A notebook to access the Biodiversity Heritage Library API available through the rOpenSci package rbhl
.
v.0 2021-06-16, Amanda L. Whitmire, thalassa@stanford.edu, ORCID: https://orcid.org/0000-0003-2429-8879
Purpose: I want to explore the corpus of the Proceedings of the Academy of Natural Sciences of Philadelphia (1841 - 1922), available at the Biodiversity Heritage Library (BHL) at https://www.biodiversitylibrary.org/bibliography/6885. I am interested in how this corpus may be leveraged for historical species occurrence data. Step one is accessing the plain text for each volume. Species names have already been identified in the text via the Global Names Parser, but which of these could be an occurrence record ("I saw this thing, at this place, at this time.")? Let’s find out!

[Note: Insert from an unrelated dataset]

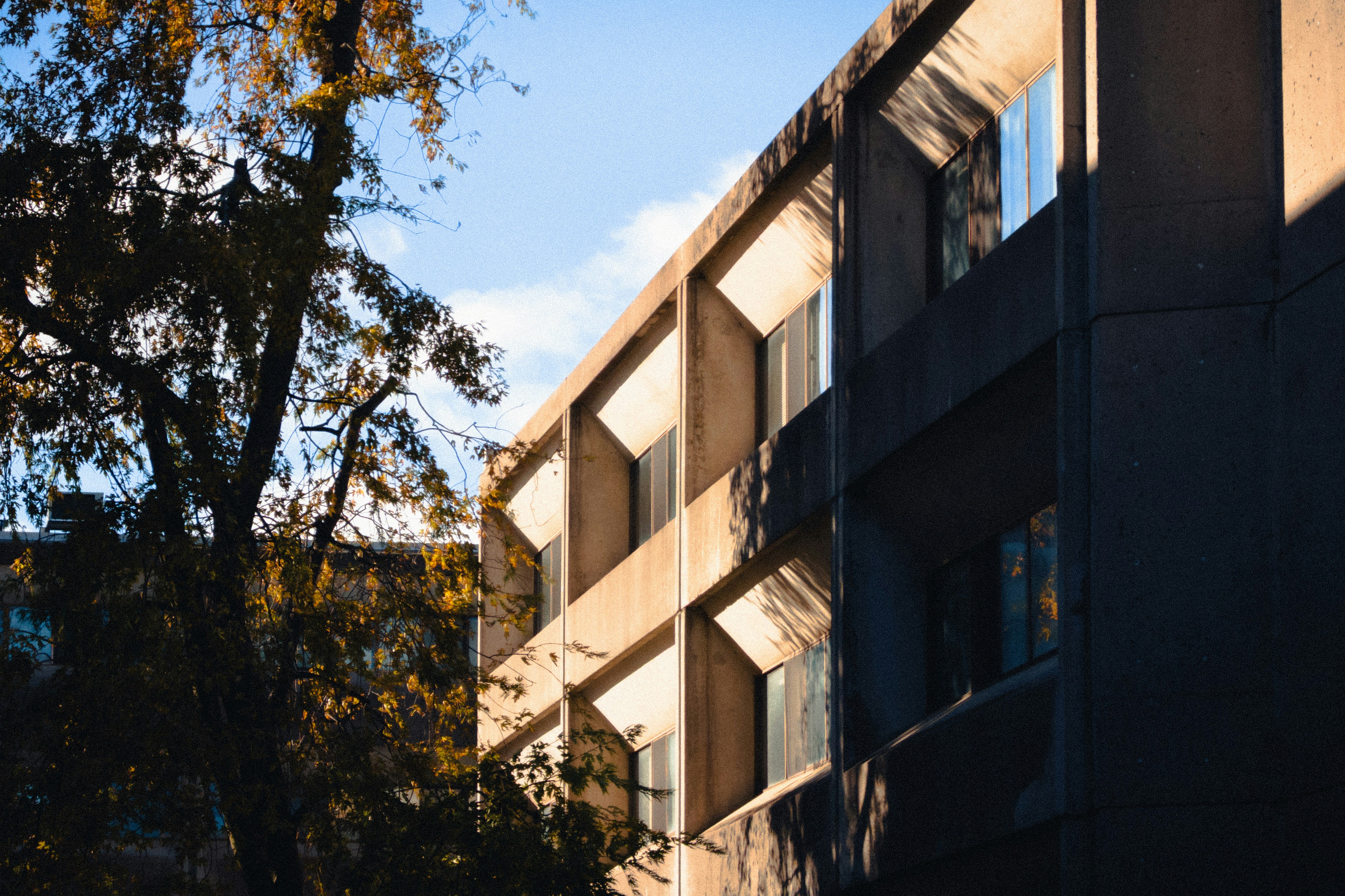 Photo by hashcode_error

Note: I already received an API token from BHL and have it in my .Renviron file.
Going to use the rbhl
package to interface with the BHL API. See https://docs.ropensci.org/rbhl/
If you don’t have the package installed, un-comment the start of this line to install the package
# install.packages("rbhl")
Load the Libraries we need. Good ol’ Tidyverse!!
Let’s test out a rbhl
function by doing and author search.
bhl_authorsearch(name='Doubleday, Nellie')
# A tibble: 1 x 4
AuthorID Name Dates CreatorUrl
<chr> <chr> <chr> <chr>
1 11872 Doubleday, Nellie Bl… 1865-1… https://www.biodiversitylibr…
It works!
Okay, now search the BHL catalog for ‘Proceedings of the Academy of Natural Sciences of Philadelphia.’ Note: of course I’ve been to BHL and I know the URL for this collection. But for the sake of learning how to do this programmatically, we proceed thusly…
#creates a tibble named `anspsearch`
anspsearch <- bhl_publicationsearch('Proceedings of the Academy of Natural Sciences of Philadelphia')
#display the tibble (uses `rmarkdown` package for rendering)
paged_table(anspsearch)
What we want is in the first row. The TitleID is ‘6885’, so let’s see where we can go from there.
Get a list of items from the result of the title search, and put them in a List called anspitems
anspitems <- bhl_gettitlemetadata(6885, items = TRUE, as='list')$Result[[1]]$Items
Look at the first item in the list:
anspitems[[1]]
$ItemID
[1] 17886
$Volume
[1] "v.1 (1841-1843)"
$Year
[1] "1841"
$EndYear
[1] "1843"
$ItemUrl
[1] "https://www.biodiversitylibrary.org/item/17886"
Okay, so we can see now that the item-level data is in nested lists. That is, anspitems
is a list where each item within anspitems
is itself a list with metadata regarding each volume of the Proceedings. Let’s pull that metadata out into a tibble.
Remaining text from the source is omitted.